The timing couldn’t be better for a “Dracula” revival. But NBC may not the right place for it to call home.
More compatible with lesser PBS fare, it hardly seems like the natural follow to “Dateline.”
Steeped in 19th century atmosphere, it suggests Dracula (Jonathan Rhys Meyers) resettled in London where he passed himself off as an American entrepreneur, not a creepy count.
He introduces himself to society with a lavish party and dazzles attendees with the ability to make a series of light bulbs glow – outside a socket.
But his goal isn’t to be accepted by the locals. He’s eager to destroy a group called the Order of the Dragon. They’re the titans of business, politics and oil and, one by one, he takes them out.

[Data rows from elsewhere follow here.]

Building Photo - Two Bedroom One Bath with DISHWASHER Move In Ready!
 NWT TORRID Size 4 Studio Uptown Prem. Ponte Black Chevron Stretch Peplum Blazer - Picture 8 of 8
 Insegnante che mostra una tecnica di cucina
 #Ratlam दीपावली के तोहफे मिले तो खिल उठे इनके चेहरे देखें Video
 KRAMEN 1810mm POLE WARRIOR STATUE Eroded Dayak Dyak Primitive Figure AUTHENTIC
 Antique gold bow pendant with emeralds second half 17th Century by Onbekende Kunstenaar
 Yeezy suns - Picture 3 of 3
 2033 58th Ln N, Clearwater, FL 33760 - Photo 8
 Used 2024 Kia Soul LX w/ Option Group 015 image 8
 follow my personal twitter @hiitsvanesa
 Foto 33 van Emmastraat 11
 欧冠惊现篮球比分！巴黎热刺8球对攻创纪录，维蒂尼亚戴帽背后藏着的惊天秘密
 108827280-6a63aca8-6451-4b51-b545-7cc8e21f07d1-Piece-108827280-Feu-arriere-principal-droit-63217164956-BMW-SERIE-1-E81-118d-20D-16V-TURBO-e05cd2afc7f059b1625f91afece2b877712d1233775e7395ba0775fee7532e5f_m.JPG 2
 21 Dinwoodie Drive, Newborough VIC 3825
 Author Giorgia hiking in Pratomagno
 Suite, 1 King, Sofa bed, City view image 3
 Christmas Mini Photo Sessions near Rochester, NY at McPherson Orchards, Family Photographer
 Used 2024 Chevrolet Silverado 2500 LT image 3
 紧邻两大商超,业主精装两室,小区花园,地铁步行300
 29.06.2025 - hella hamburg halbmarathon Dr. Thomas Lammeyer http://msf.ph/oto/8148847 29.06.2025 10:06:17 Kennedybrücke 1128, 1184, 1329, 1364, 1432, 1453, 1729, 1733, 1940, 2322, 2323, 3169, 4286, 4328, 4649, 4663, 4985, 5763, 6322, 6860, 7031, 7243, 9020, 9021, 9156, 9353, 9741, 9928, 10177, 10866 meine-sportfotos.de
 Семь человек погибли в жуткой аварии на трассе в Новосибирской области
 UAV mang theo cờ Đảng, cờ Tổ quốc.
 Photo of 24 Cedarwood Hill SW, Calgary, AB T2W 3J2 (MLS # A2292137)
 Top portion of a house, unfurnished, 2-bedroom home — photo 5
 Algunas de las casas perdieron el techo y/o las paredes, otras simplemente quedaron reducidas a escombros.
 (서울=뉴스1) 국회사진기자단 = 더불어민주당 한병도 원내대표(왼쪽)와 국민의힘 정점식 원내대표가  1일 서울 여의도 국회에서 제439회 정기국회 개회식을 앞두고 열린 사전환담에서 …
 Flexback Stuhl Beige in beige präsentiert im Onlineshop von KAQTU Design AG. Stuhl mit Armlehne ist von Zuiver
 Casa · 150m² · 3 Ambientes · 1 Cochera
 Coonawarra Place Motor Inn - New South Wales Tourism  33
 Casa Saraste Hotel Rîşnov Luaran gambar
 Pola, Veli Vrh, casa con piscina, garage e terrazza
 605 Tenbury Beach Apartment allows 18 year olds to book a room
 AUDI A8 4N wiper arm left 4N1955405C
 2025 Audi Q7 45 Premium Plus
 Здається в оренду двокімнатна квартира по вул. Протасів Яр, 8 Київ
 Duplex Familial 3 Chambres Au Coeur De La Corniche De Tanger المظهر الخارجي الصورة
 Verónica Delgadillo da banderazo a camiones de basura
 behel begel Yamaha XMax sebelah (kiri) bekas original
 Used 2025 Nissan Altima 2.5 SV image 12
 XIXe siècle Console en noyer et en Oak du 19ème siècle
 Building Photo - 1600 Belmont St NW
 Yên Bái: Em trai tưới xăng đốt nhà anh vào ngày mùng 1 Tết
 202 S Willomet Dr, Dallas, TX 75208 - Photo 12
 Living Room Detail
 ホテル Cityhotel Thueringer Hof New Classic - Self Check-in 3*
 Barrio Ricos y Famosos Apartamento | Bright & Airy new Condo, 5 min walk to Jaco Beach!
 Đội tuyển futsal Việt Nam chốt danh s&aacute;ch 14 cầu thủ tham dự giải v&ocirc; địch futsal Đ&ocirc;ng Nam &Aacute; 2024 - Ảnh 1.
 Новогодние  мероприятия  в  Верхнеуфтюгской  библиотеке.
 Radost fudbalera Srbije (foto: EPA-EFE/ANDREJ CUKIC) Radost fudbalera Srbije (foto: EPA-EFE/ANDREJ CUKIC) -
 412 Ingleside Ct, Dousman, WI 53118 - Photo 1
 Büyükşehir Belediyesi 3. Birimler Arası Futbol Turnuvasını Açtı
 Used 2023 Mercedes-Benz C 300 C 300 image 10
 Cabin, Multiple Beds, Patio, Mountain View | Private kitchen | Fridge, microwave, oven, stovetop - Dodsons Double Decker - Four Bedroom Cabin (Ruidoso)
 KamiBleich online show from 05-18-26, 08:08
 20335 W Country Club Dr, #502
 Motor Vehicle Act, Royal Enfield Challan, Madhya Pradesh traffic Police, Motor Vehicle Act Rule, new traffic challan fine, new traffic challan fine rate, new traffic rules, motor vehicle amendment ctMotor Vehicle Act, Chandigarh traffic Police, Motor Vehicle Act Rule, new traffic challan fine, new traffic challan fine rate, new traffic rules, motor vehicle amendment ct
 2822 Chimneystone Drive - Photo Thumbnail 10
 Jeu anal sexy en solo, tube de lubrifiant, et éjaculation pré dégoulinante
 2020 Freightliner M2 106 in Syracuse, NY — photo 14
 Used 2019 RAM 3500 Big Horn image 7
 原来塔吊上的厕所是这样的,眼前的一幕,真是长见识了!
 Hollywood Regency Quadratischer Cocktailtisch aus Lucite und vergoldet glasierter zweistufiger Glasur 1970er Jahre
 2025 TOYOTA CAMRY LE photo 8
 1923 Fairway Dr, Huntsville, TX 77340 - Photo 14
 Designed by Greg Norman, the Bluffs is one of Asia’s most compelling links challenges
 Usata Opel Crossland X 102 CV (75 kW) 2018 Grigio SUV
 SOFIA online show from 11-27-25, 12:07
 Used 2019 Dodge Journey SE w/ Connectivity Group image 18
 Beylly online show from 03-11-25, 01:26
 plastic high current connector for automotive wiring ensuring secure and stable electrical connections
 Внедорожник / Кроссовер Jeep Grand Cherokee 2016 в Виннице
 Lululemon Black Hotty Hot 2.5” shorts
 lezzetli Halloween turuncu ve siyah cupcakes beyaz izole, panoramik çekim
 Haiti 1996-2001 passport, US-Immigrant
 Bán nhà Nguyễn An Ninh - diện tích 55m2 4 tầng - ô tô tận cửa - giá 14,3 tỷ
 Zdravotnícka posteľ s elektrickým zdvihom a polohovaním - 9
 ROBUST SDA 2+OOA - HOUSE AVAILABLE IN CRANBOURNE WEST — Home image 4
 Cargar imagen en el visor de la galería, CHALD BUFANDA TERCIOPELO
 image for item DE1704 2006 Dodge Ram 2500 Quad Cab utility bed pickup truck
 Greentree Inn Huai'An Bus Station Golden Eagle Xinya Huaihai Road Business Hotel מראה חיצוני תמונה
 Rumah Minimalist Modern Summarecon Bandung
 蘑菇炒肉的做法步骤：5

But this Dracula has his own sunrise to worry about – folks learn his secret and aren’t always willing to dummy up. That opens the door for the bite of fall and an awful lot of bloodshed.
The pilot – which airs Friday – tries desperately to look rich and elegant. But so much of it takes place in what’s supposed to be a ballroom it actually looks claustrophobic. Rhys Meyers has an odd American accent (it sounds like he studied “House” episodes) and a theatricality that often overwhelms his co-stars.
But this “Dracula,” produced by the folks behind “Downton Abbey,” has that same brisk pace and an unsettling air. When a journalist (Oliver Jackson-Cohen) sits down for an interview, he quickly sizes up his subject as a delusional visionary who’s an ego-maniac. That captures him nicely – even though Rhys Meyers is prone to widening his eyes and flaring his nostrils more than he should.
He takes a liking to London’s women, too, and doesn’t hesitate to show his affection at the most unlikely places.
Because it’s veering from the Bram Stoker original, there’s the possibility this “Dracula” could dabble in “Mummy” adventures, unleashing a bunch of horrors, related or not.
The show’s women – dressed up in time inappropriate clothing (one dress looks like it came from last year’s runway shows) – don’t make enough of an impression to get a sense how they’ll figure into his master plan. There are hints that some are romantic prey, others are means to an end.
Directed by Steve Shill, “Dracula” intrigues but it may not have staying power. It doesn’t look as elegant as it should; it isn’t necessarily cast with an eye toward immortality. But it intrigues the same way a new neighbor might.
Know too much and you get the feeling it just might be time to move.
“Dracula” airs at 9 p.m. Friday on NBC.